>>>>
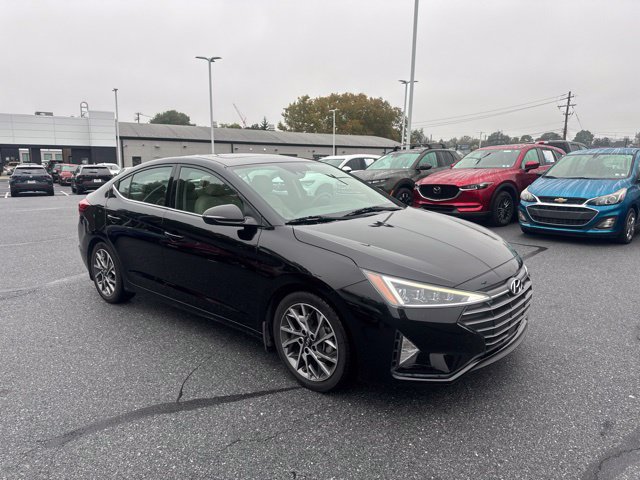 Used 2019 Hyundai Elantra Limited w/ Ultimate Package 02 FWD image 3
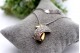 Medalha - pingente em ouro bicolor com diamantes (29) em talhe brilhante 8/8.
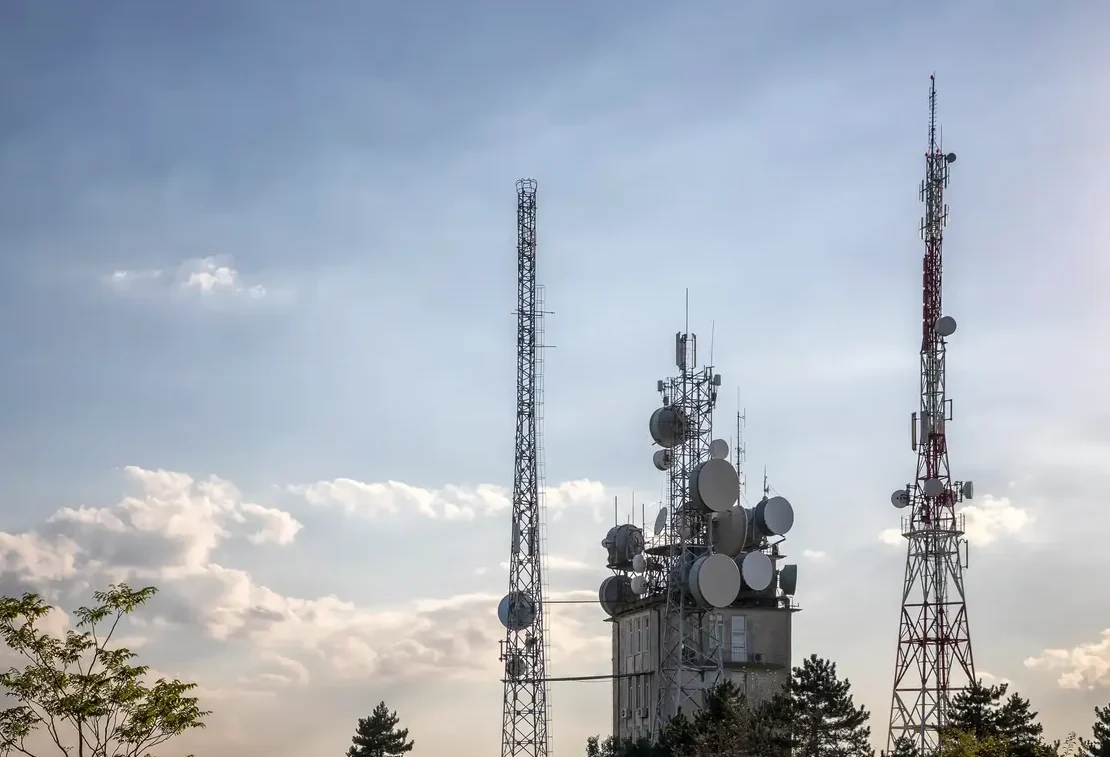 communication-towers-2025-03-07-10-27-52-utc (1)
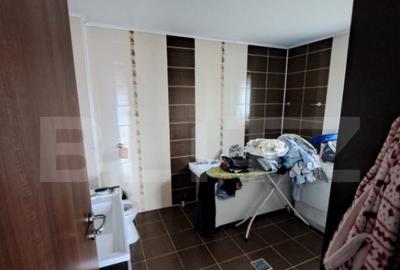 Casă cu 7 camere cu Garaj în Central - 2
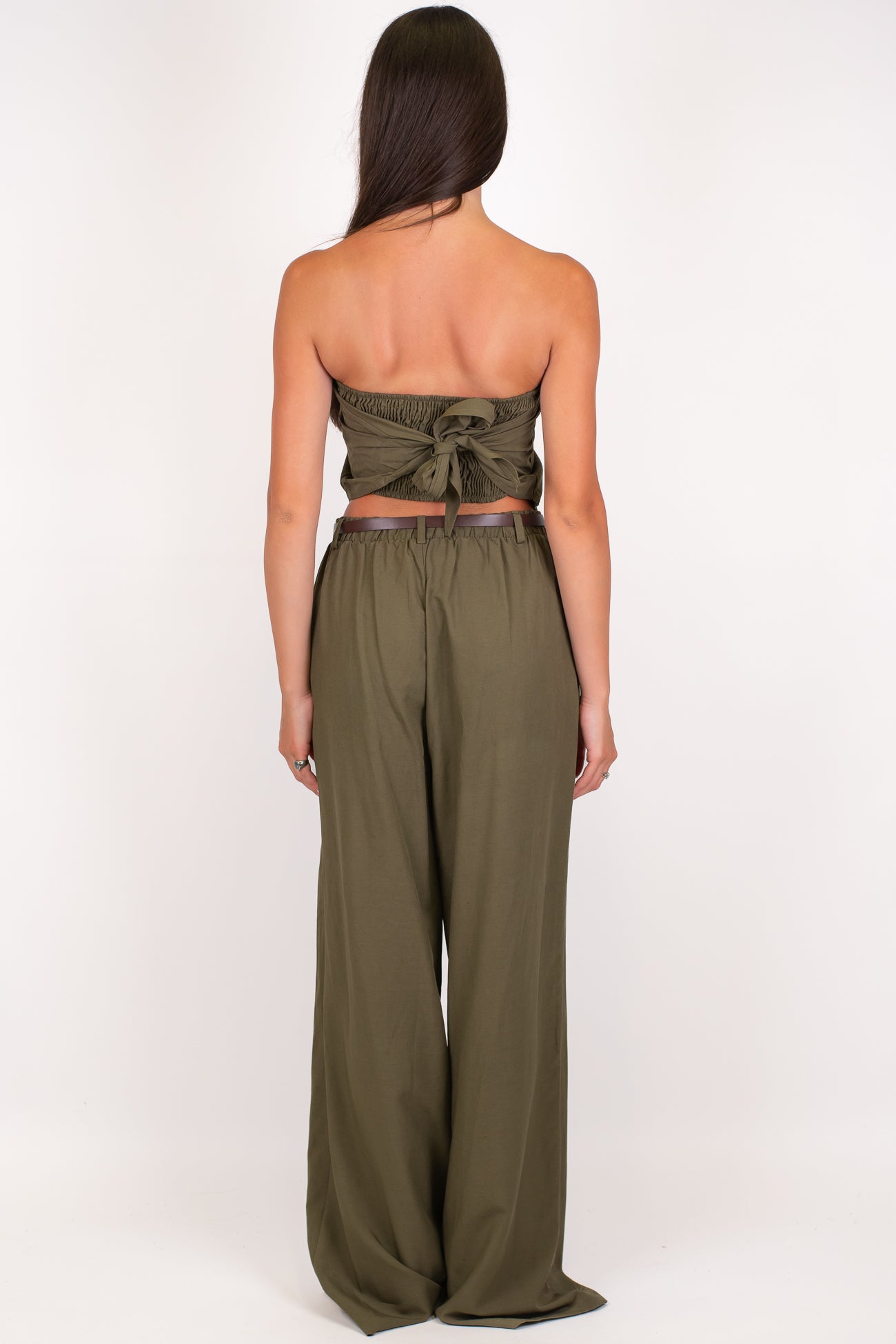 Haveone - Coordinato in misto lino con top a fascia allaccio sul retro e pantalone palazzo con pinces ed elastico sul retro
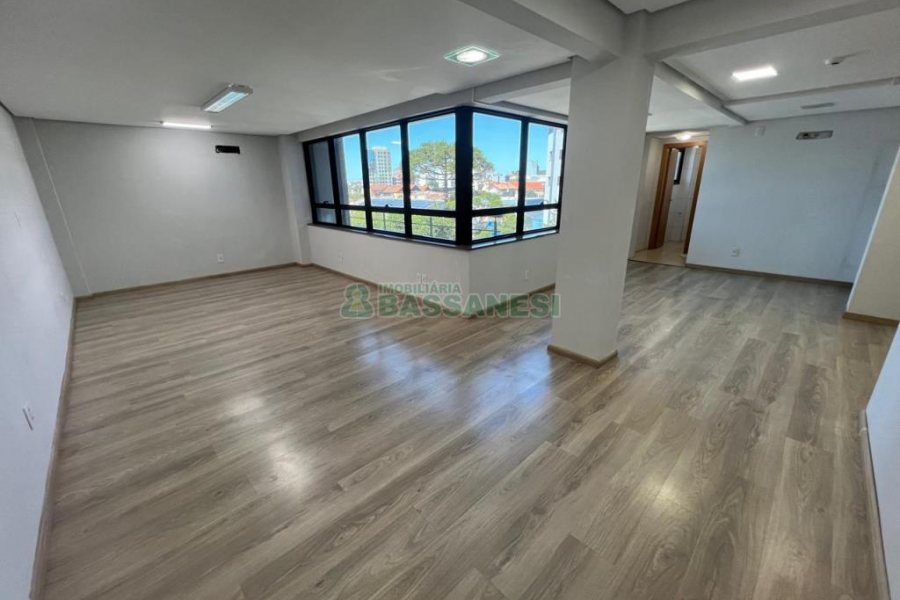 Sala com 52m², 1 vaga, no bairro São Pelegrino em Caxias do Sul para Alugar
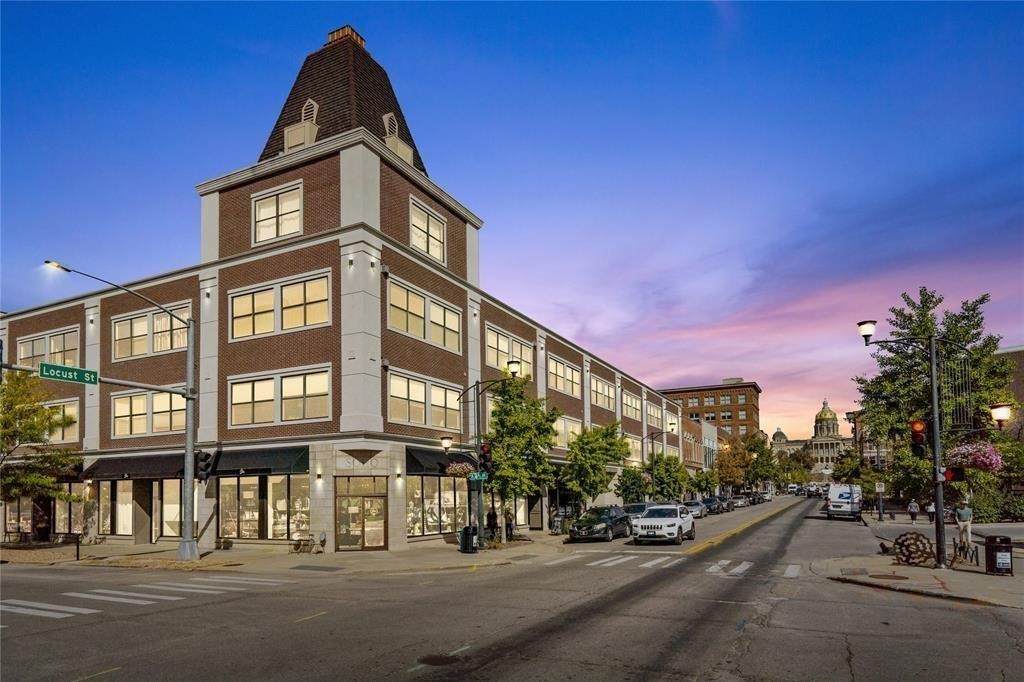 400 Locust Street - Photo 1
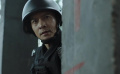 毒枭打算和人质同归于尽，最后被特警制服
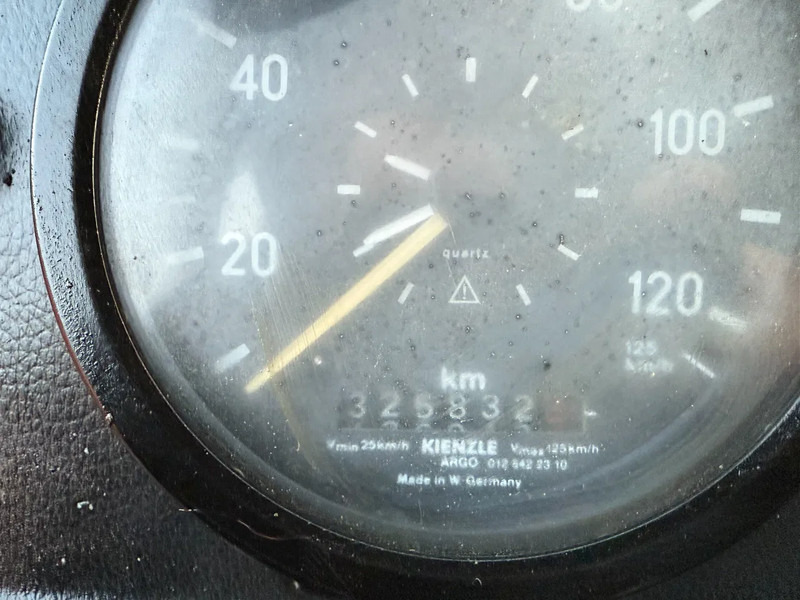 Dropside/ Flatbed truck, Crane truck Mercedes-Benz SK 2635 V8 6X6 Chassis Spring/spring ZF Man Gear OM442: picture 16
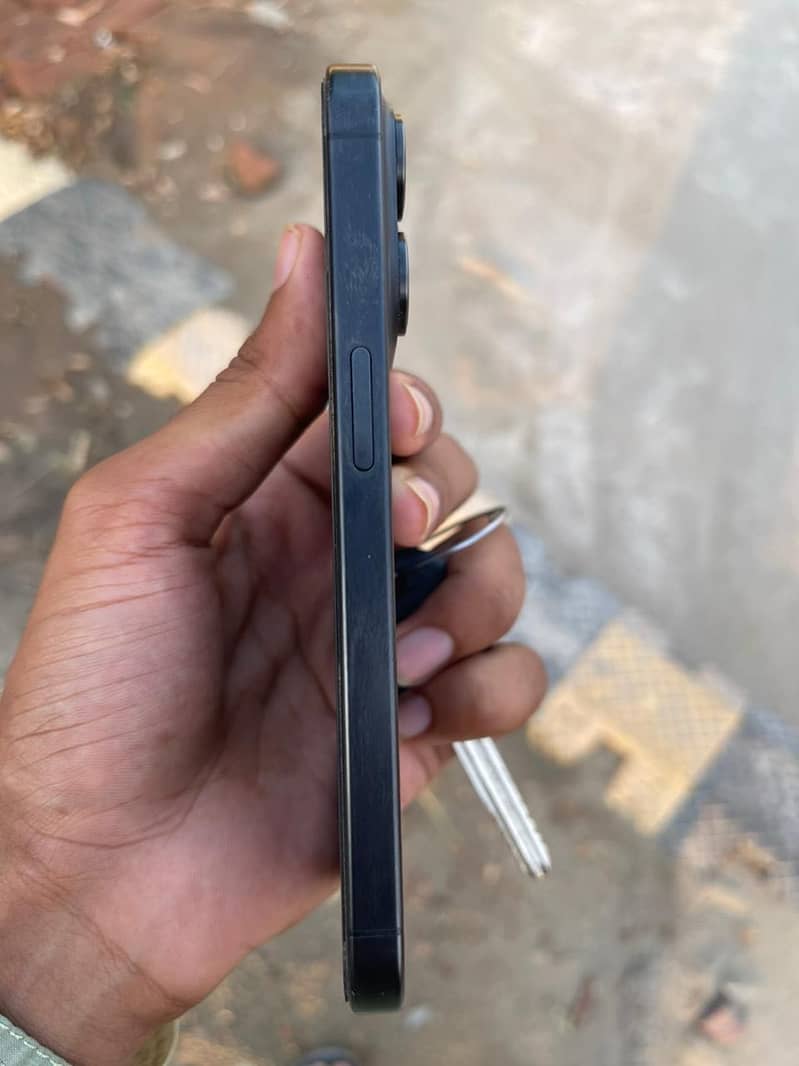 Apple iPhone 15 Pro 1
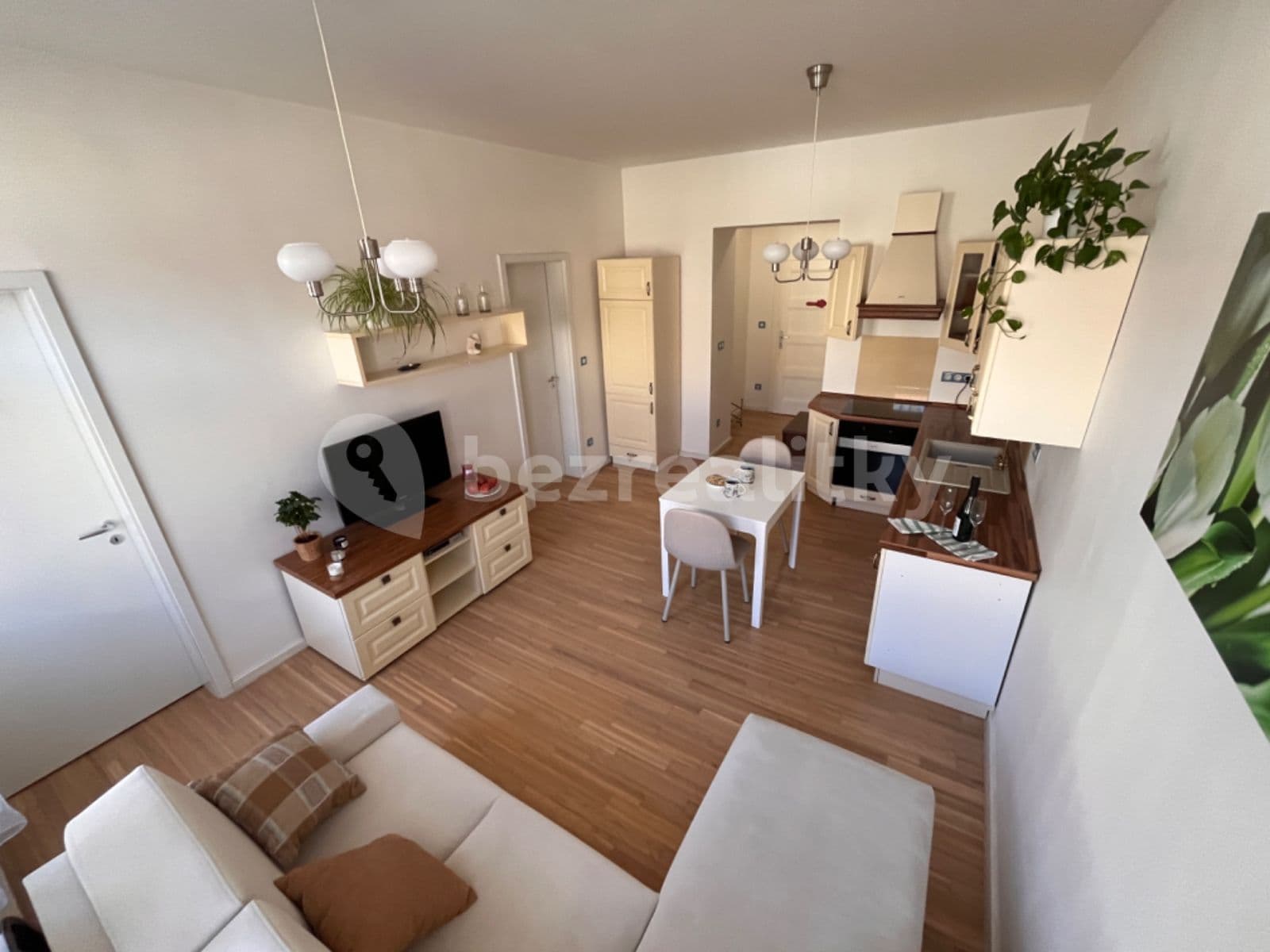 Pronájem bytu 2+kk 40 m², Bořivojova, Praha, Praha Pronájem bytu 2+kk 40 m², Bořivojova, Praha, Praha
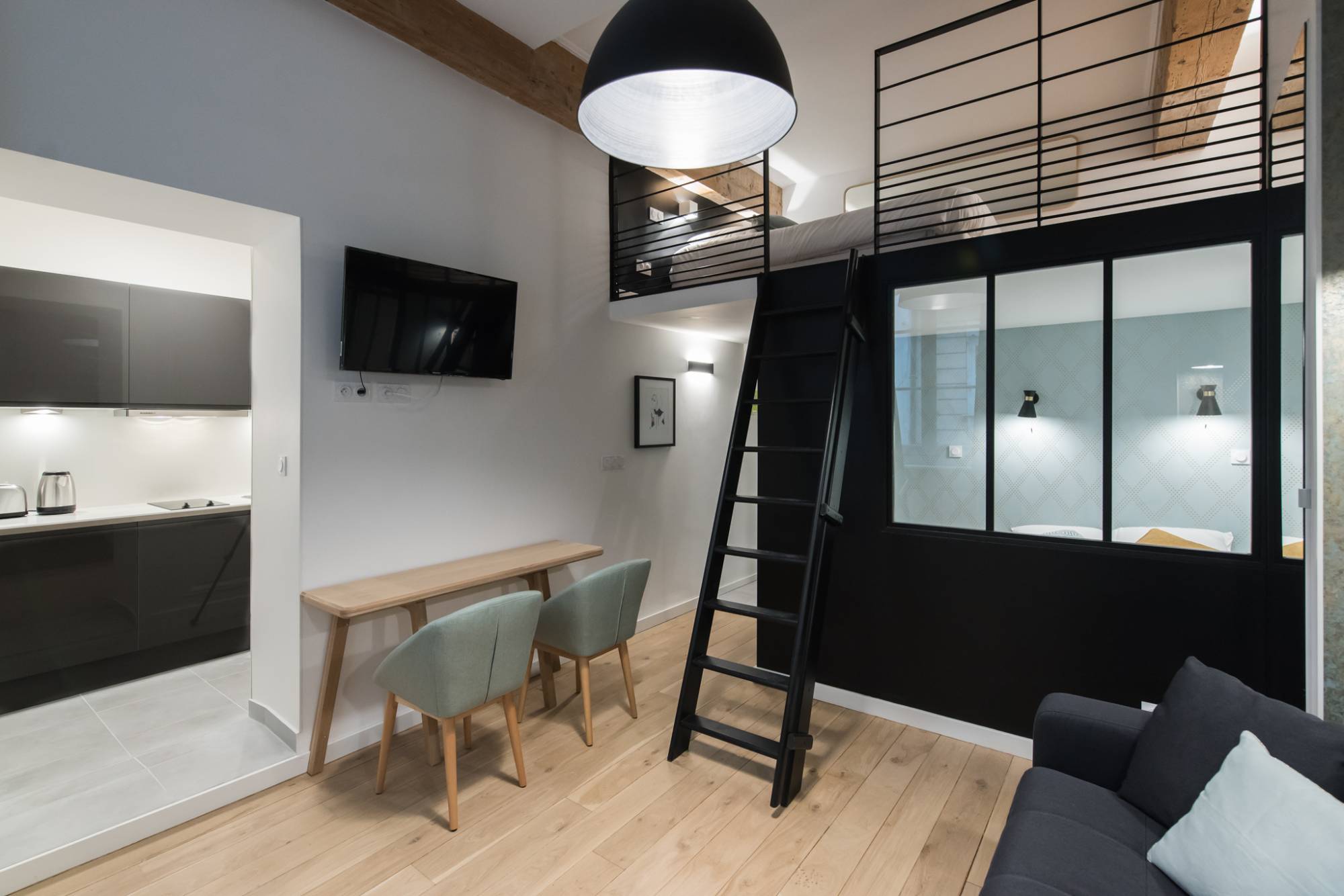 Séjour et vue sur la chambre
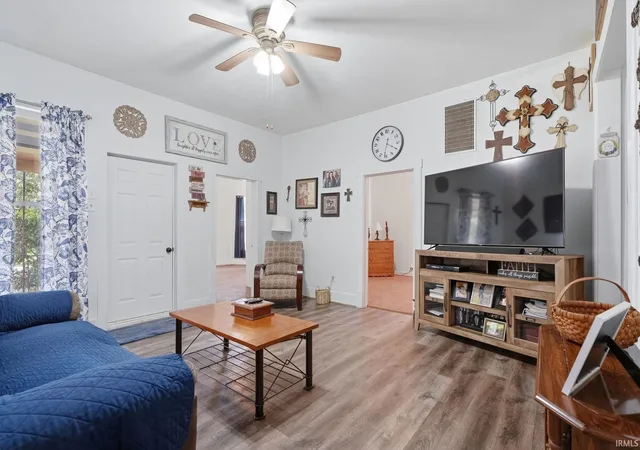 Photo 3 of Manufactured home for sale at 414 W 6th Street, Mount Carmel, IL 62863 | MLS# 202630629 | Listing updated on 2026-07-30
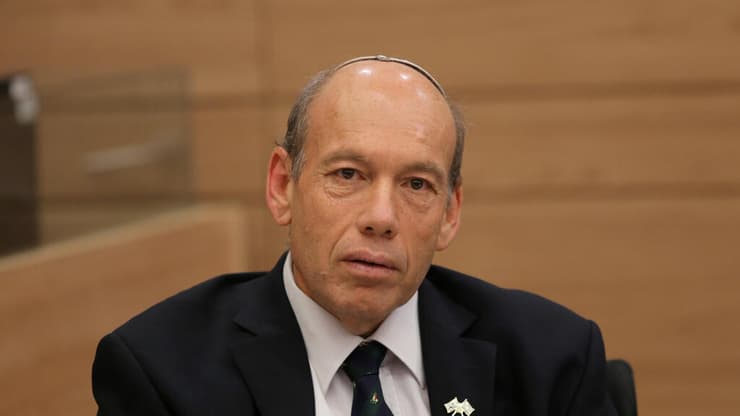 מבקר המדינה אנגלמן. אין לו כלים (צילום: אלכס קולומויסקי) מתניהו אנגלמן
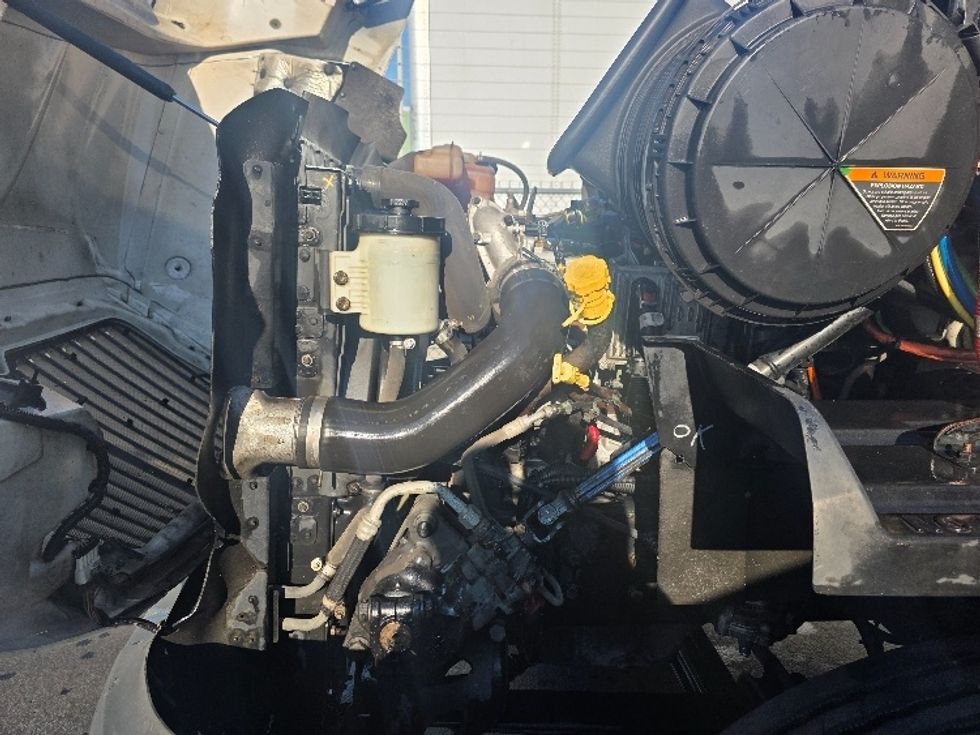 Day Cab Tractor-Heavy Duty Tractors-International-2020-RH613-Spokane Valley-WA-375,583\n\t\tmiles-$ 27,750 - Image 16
<<<<
*Problem*
Retype the data shown above exactly, excluding any picture it contains.

*Response to the task*
 Used 2019 Hyundai Elantra Limited w/ Ultimate Package 02 FWD image 3
 Medalha - pingente em ouro bicolor com diamantes (29) em talhe brilhante 8/8.
 communication-towers-2025-03-07-10-27-52-utc (1)
 Casă cu 7 camere cu Garaj în Central - 2
 Haveone - Coordinato in misto lino con top a fascia allaccio sul retro e pantalone palazzo con pinces ed elastico sul retro
 Sala com 52m², 1 vaga, no bairro São Pelegrino em Caxias do Sul para Alugar
 400 Locust Street - Photo 1
 毒枭打算和人质同归于尽，最后被特警制服
 Dropside/ Flatbed truck, Crane truck Mercedes-Benz SK 2635 V8 6X6 Chassis Spring/spring ZF Man Gear OM442: picture 16
 Apple iPhone 15 Pro 1
 Pronájem bytu 2+kk 40 m², Bořivojova, Praha, Praha Pronájem bytu 2+kk 40 m², Bořivojova, Praha, Praha
 Séjour et vue sur la chambre
 Photo 3 of Manufactured home for sale at 414 W 6th Street, Mount Carmel, IL 62863 | MLS# 202630629 | Listing updated on 2026-07-30
 מבקר המדינה אנגלמן. אין לו כלים (צילום: אלכס קולומויסקי) מתניהו אנגלמן
 Day Cab Tractor-Heavy Duty Tractors-International-2020-RH613-Spokane Valley-WA-375,583\n\t\tmiles-$ 27,750 - Image 16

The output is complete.